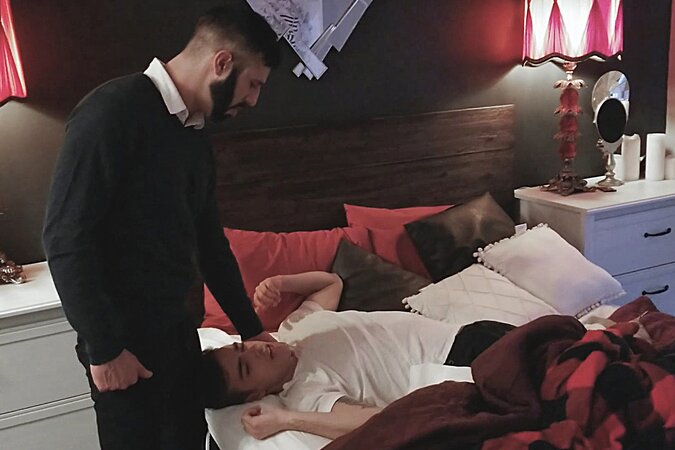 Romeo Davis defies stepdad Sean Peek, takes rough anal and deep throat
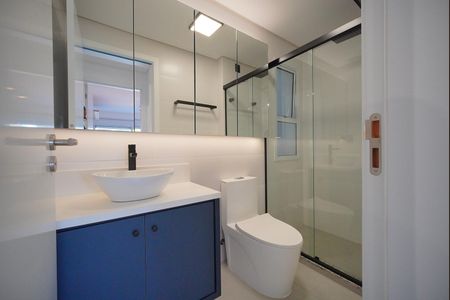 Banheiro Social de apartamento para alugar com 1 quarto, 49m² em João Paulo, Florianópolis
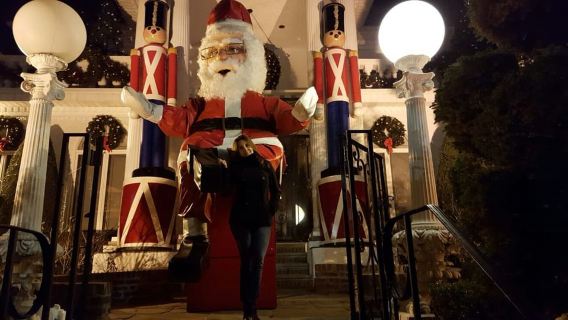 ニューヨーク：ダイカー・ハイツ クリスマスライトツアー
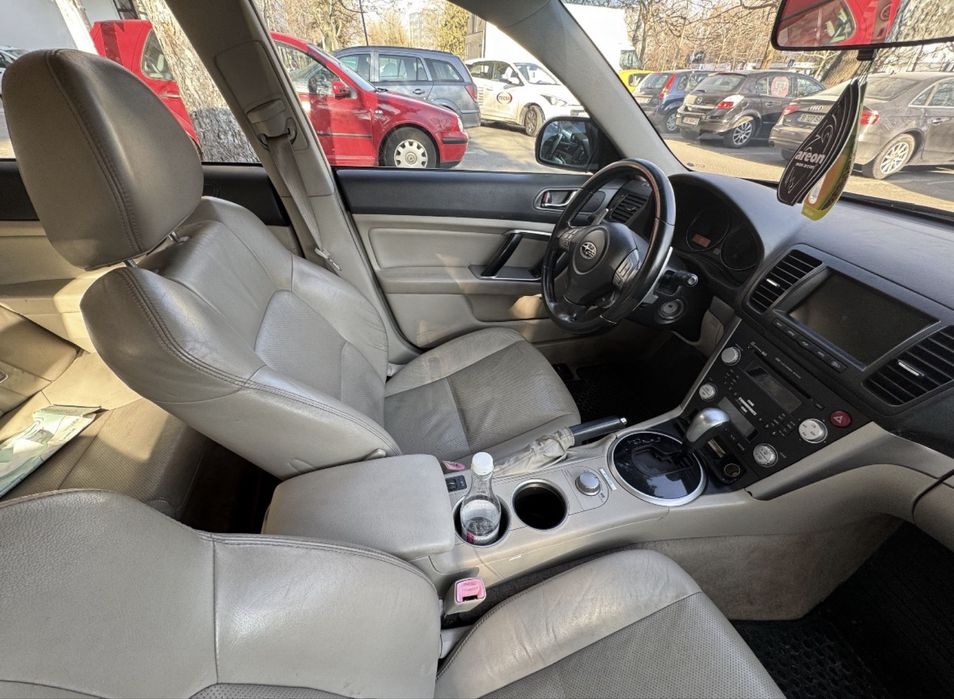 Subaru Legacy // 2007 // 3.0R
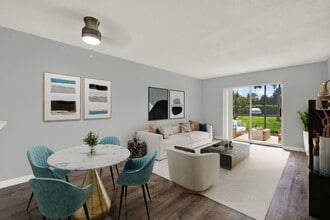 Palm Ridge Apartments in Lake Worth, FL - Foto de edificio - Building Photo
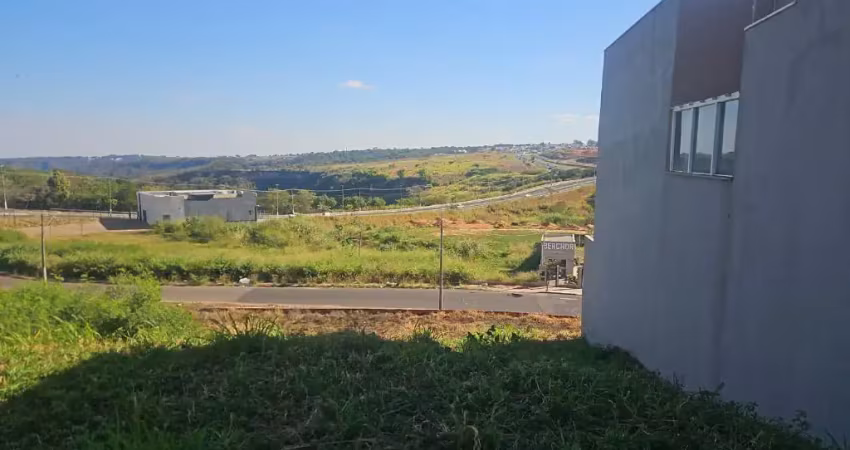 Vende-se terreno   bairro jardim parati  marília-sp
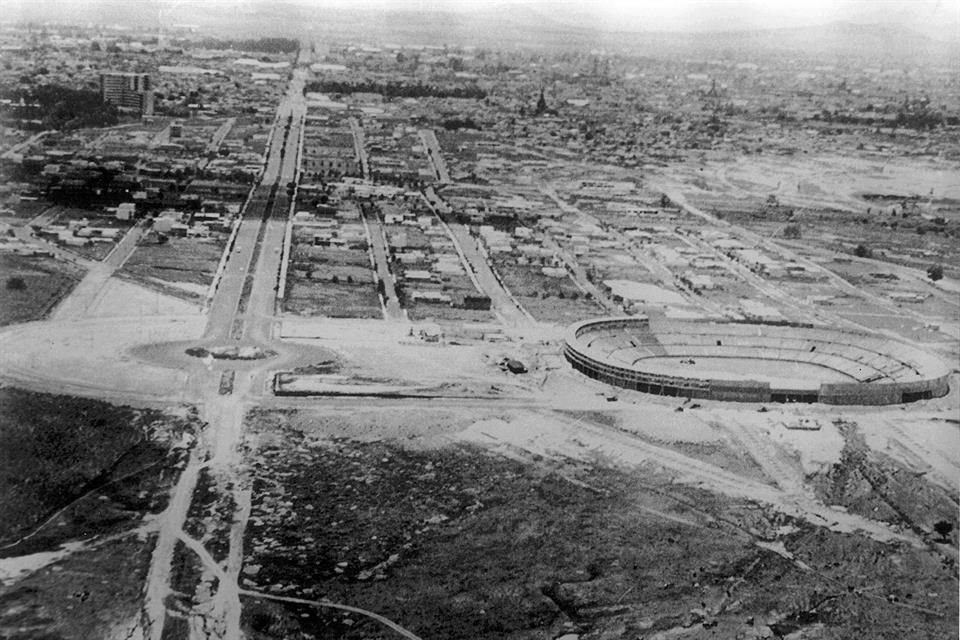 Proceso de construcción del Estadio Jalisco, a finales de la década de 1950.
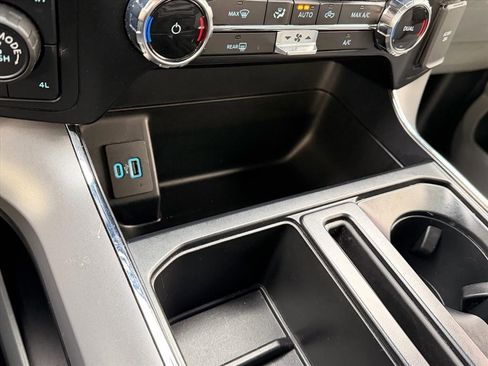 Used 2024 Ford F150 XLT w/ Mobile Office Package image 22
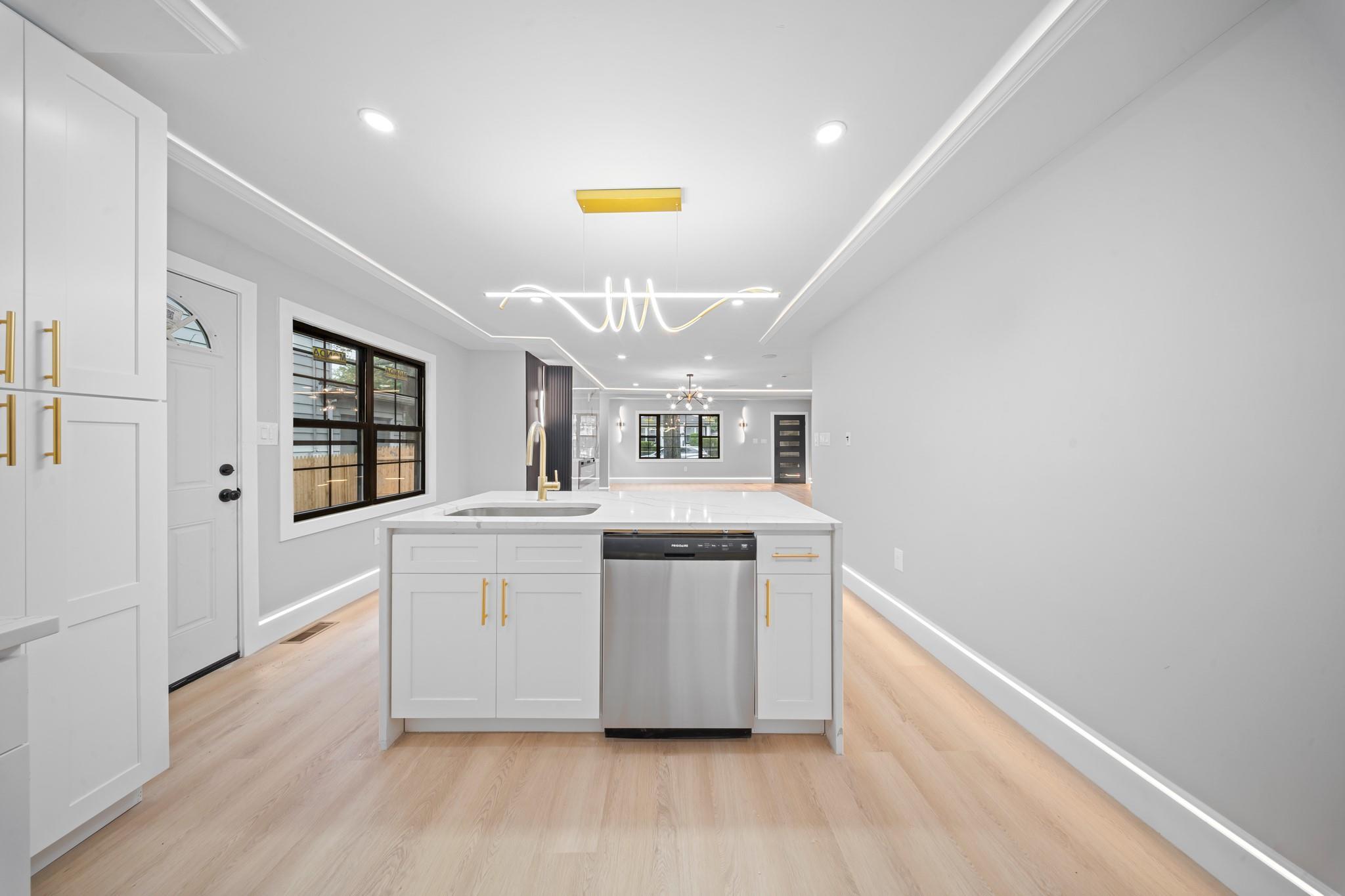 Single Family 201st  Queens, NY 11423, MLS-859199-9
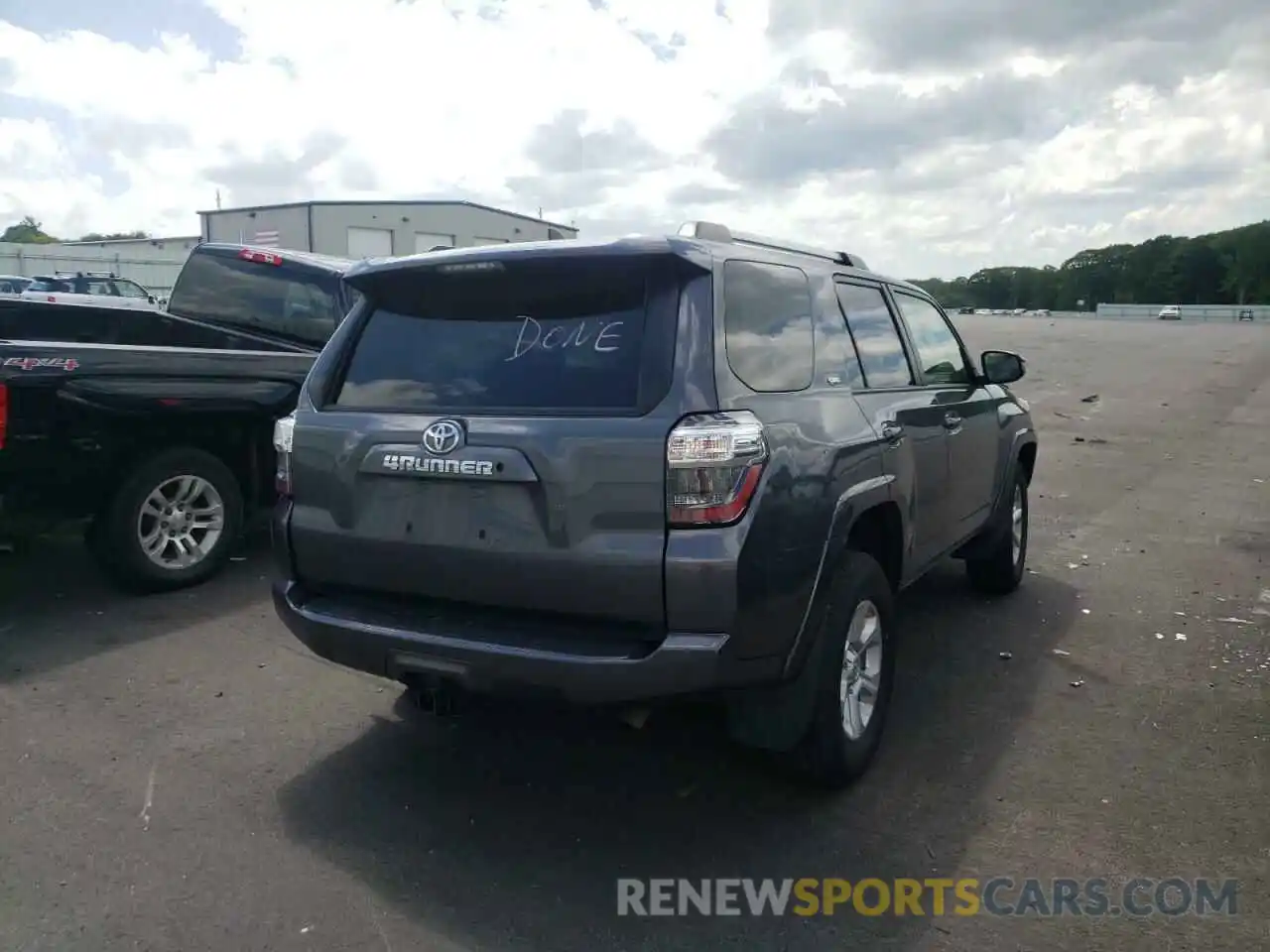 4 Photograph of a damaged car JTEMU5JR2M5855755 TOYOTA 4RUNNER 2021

○ ○ ○

# Task goal
Pictures are not part of the copy. Extract exactly the lines from the line containing "Proceso de construcción" through the final line of the entries above, both included.

# Answer below
 Proceso de construcción del Estadio Jalisco, a finales de la década de 1950.
 Used 2024 Ford F150 XLT w/ Mobile Office Package image 22
 Single Family 201st  Queens, NY 11423, MLS-859199-9
 4 Photograph of a damaged car JTEMU5JR2M5855755 TOYOTA 4RUNNER 2021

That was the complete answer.